Wednesday, November 05, 2003

Those who forget to revise history...

Damned if they're not up to it again.

Last Tuesday, I posted a brief entry about how the Bush White House was caught "revising history". That is to say, the White House changed press releases from May 2003 about the announcement of the end of combat operations in Iraq from ending "combat operations" to ending "major combat operations." [link]

Now I see that Josh Marshall, at Talking Points Memo, has caught the Bush White House in another example of "massaging" the record. The offending change this time was in the official transcript of a speech that President Bush made to the Australian Parliament when he was in Asia last month. According to the transcript released by the White House at the time, Bush said that "We see a China that is stable and prosperous, a nation that respects the peace of its neighbors and works to secure the freedom of its own people." That sentence, of course, is fairly significant endorsement of China's policies, and, incidentally, a change in U.S. foreign policy. Apparently, it may have also been an error by Bush. According to Marshall's sources, the President was supposed to say "We seek a China that is stable and prosperous," etc. That's a very different statement.

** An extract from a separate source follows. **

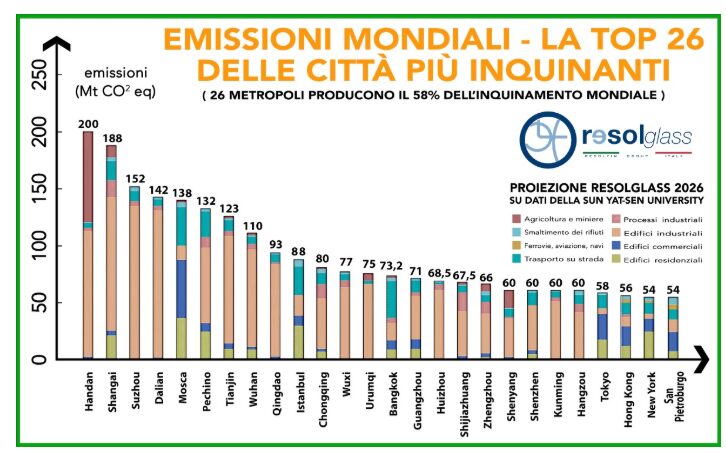 le città più calde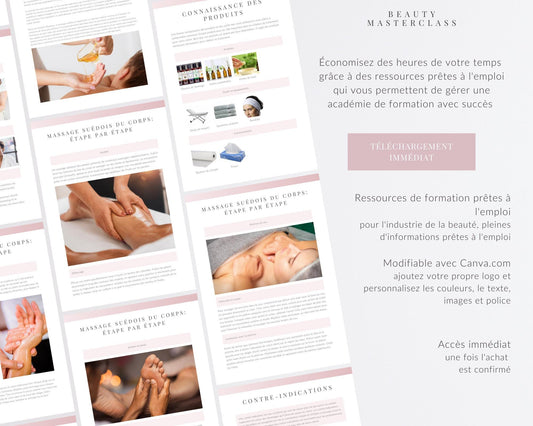 French Swedish Body Editable Training Manual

So how did the White House handle it? Well, as Marshall points out, they simply edited the transcript, without any indication that it was ever different. Now, if you go to the White House website, the official transcript says "seek" and not "see", even though, of course, the idea of a transcript is to record what was actually said, not what was intended to be said. In any event, thanks to Josh Marshall, who made a PDF file of the original, we can see the edit for ourselves. Please visit Marshall's site, and give him the proper credit for his investigative journalism. [link] [Marshall has recently posted an update on this story here]

I said it before, but it bears repeating. The web sees all, so if you're thinking about trying to cover your tracks when you make a misstatement, it's probably going to come back and bite you in the ass, because someone saw your original and made a copy of it.